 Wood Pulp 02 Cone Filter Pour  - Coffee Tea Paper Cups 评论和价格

· · ·

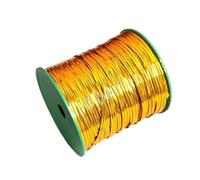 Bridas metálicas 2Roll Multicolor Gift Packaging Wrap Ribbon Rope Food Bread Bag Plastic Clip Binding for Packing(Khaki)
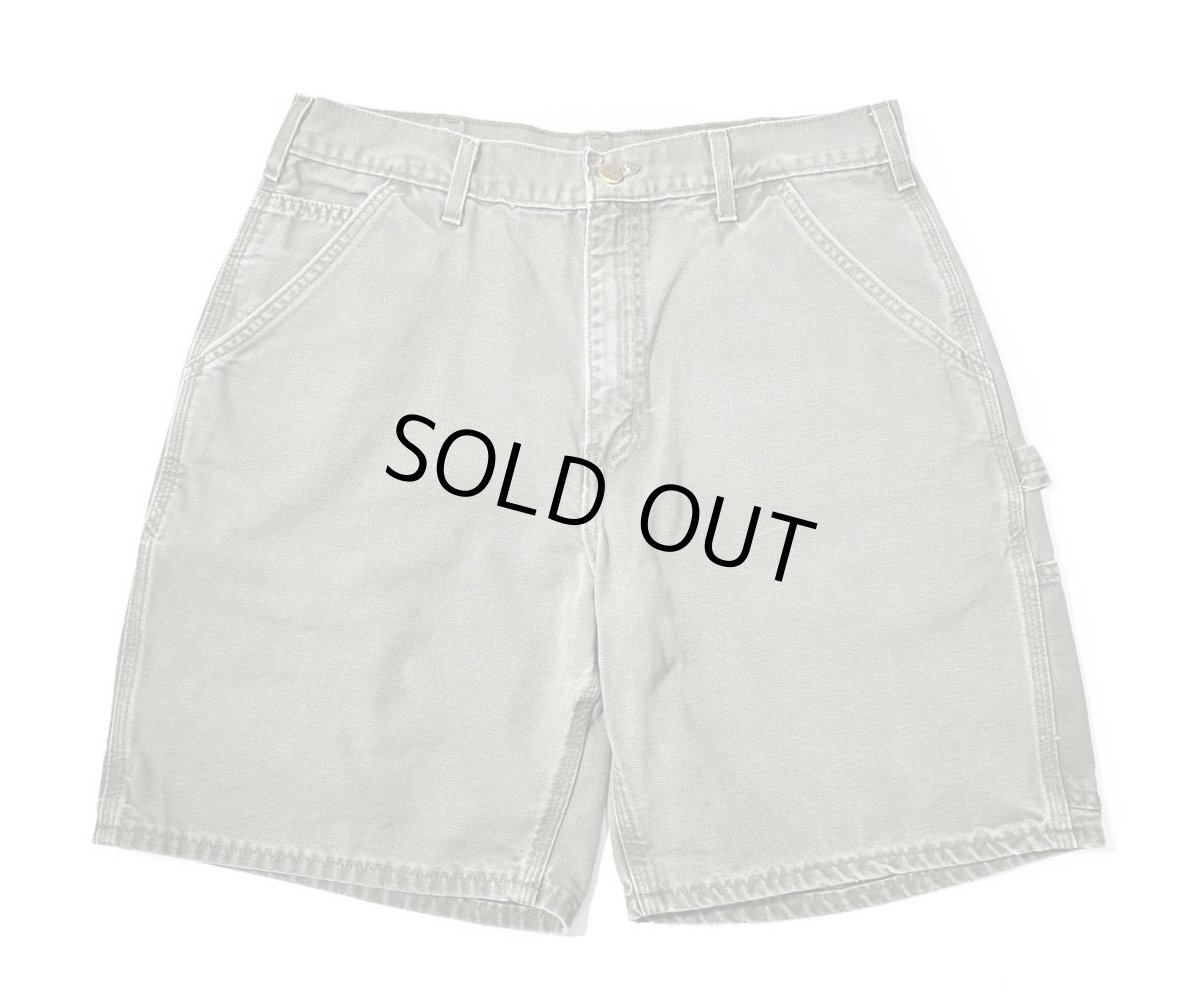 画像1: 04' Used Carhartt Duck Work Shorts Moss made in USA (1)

· · ·

| Your goal |
In the data above, start at the line holding "Bridas metálicas 2Roll" and stop after the line holding "画像1: 04' Used"; write out those lines exactly, without pictures.

| Written answer |
 Bridas metálicas 2Roll Multicolor Gift Packaging Wrap Ribbon Rope Food Bread Bag Plastic Clip Binding for Packing(Khaki)
 画像1: 04' Used Carhartt Duck Work Shorts Moss made in USA (1)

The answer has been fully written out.